Symptoms of multiple sclerosis
The symptoms are extremely varied according to the area of the brain, spinal cord or optic nerves where the inflammatory attack occurs. They can therefore manifest as:
- sensitivity disorders (pins and needles, tingling, feeling a cold or prickling sensation on the skin, a feeling of tightness or pain)
- muscle paralysis or weakness leading to problems walking
- balance problems
- visual impairment. The disorder results in a loss of visual acuity that can be accompanied by pain around the eye socket, especially when the eye is moving.
In some cases, the starting symptoms may differ between two episodes. For example, one with sensitivity problems in a lower limb, but then a few weeks later problems with vision.
The symptoms of multiple sclerosis (MS) differ greatly from one patient to another. The spread of lesions over time and in different regions of the brain and spinal cord explains why there is so much variation in symptoms in the same patient, as well as between patients.
The most well-known symptoms of the disease are its motor symptoms. Problems with walking, or with moving a lower or upper limb, are all external signs visible to those around the patient. However, although the symptoms of multiple sclerosis can be very debilitating for a person in their everyday life, not all are noticeable and are therefore less well understood and accepted by the patients’ friends and relatives. These symptoms include fatigue and tiring easily, affecting 75 to 95% of patients with MS. This fatigue can be physical as well as mental and can have a considerable impact on patients’ daily lives. Another of the invisible symptoms is cognitive impairment, which presents as problems with attention, concentration, memory, and executive function disorders such as decision-making, planning, organization, etc. Finally, mood or emotional disorders may also be present.
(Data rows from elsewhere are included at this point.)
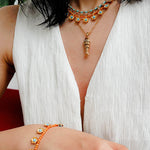 Blue Turquoise Flower Pendant Bead Necklace gembea jewelry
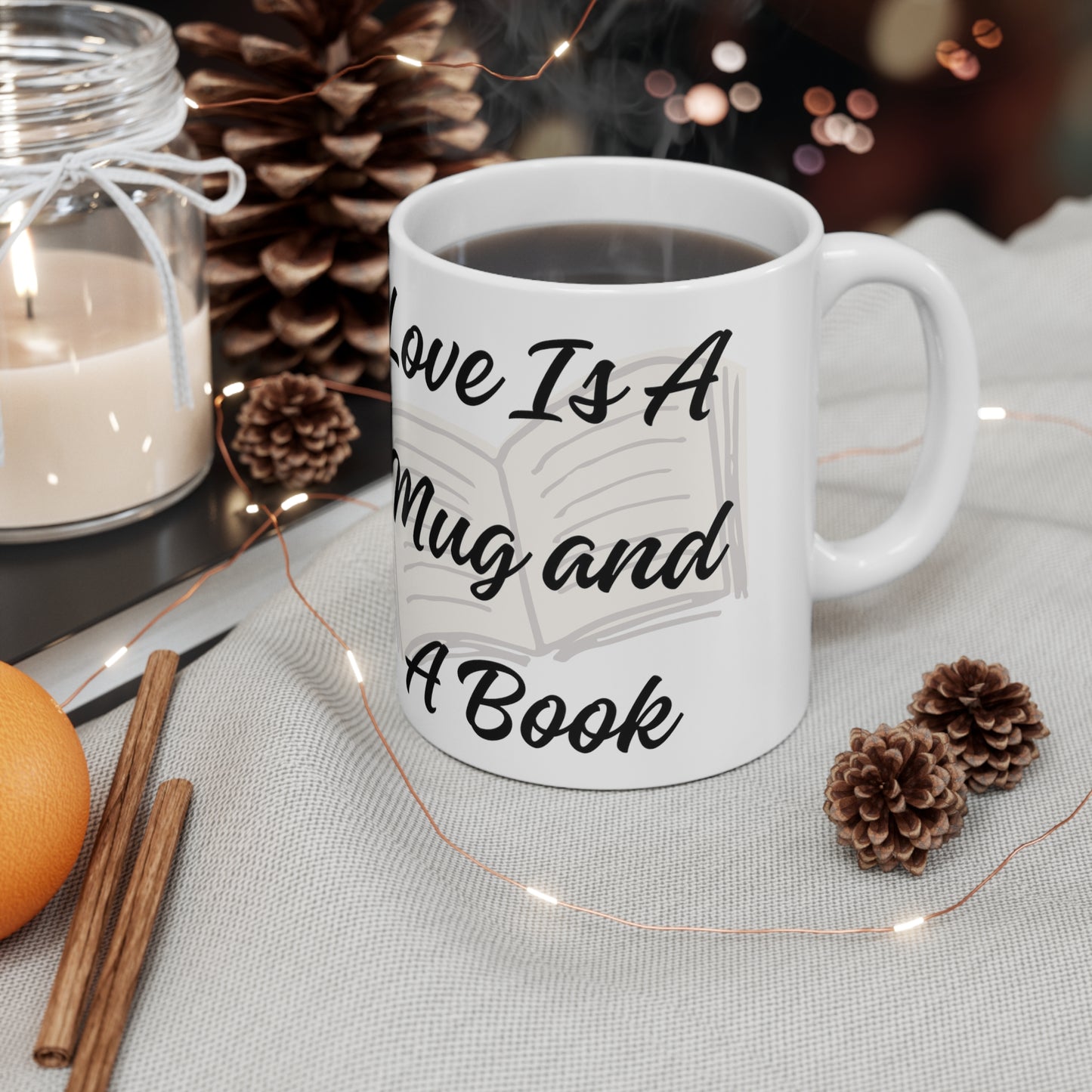 "Love Is A Mug and A Book" Ceramic Mug 11oz L28665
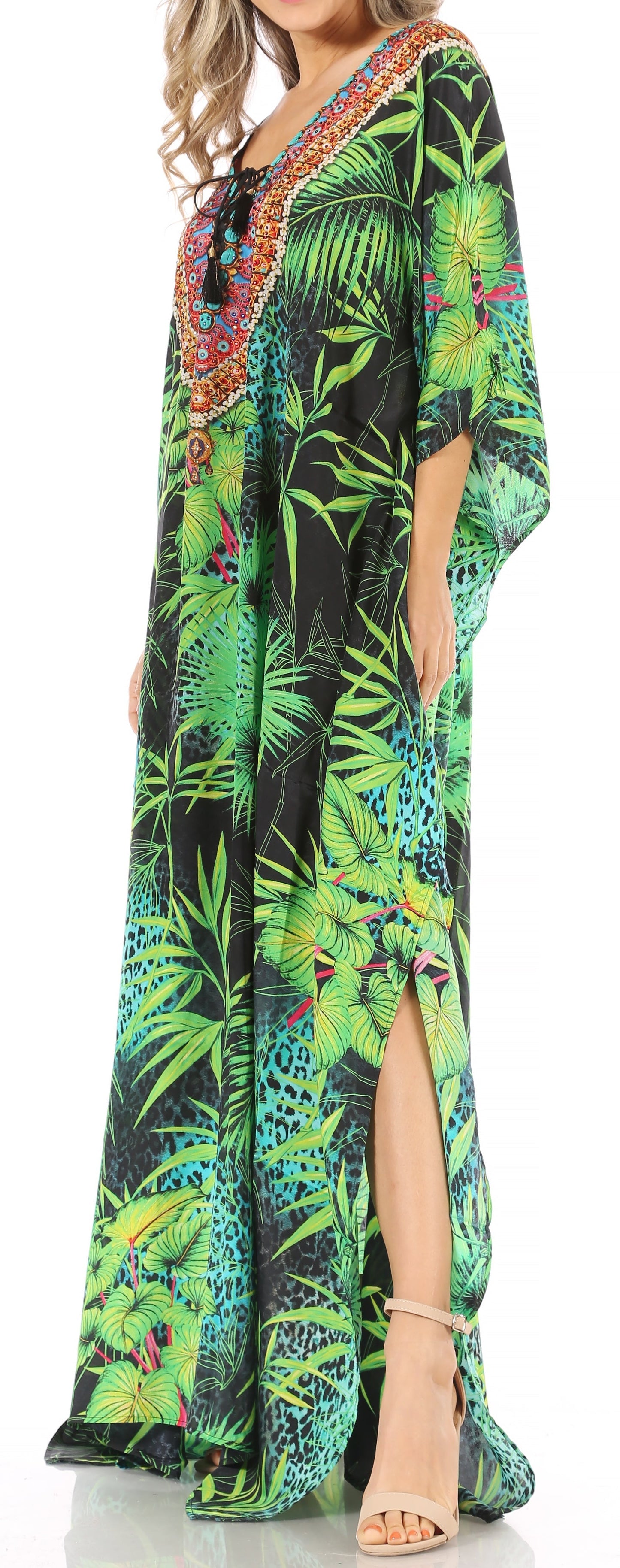 Sakkas Milanna Women's V neck Short Sleeve Vibrant Print Caftan Dress Cover-up - Concordia Style Boutique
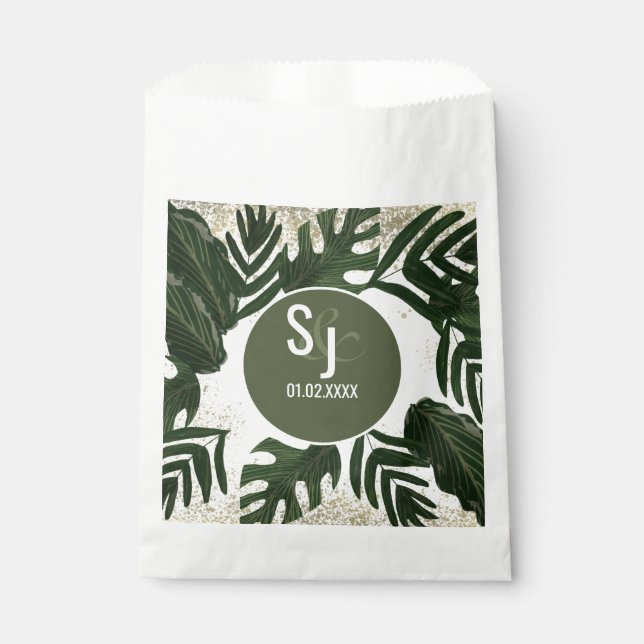 Monstera Tropical Faux Gold Splash Favour Bags (Front)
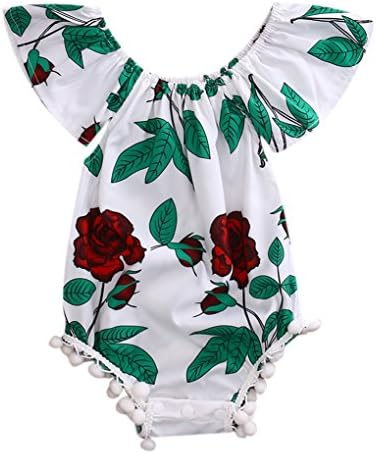 Baby Girls Bodysuit Newborn Infant Kids One-Piece Romper Jumpsuit Floral Backless Outfits Sunsuit (White) (18-24 Months)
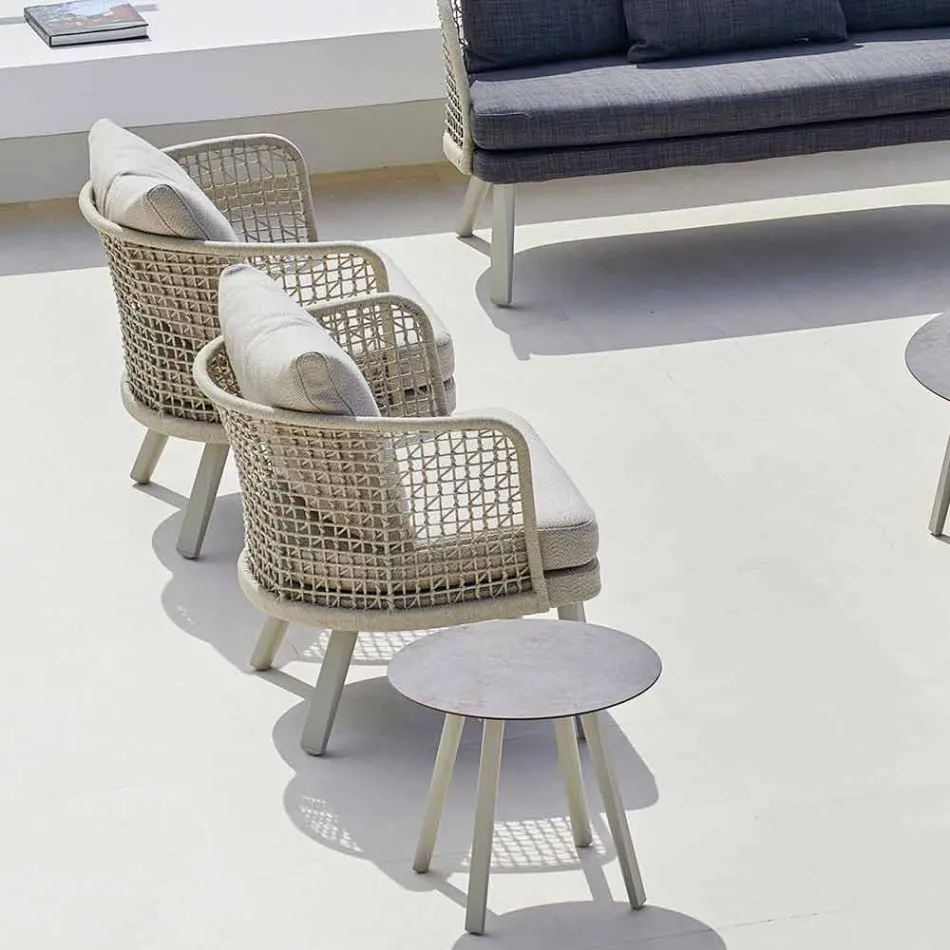 Varaschin Emma zahradní křeslo čalouněné látkou a kovem Viadurini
In the first few years of the disease, in more than 80% of cases, the disease progresses as inflammatory flare-ups (recurrent-remitting form). A flare-up typically begins within a few days or months and lasts around 2 to 8 weeks. After several years, some patients develop a secondary progressive form. The time to onset of this form can vary widely between individuals and could depend on individual recovery capacity. The other 20% of patients present with a progressive form from the outset. The progression and time to onset of irreversible disability vary according to each person’s ability to ‘repair’ their brain damage.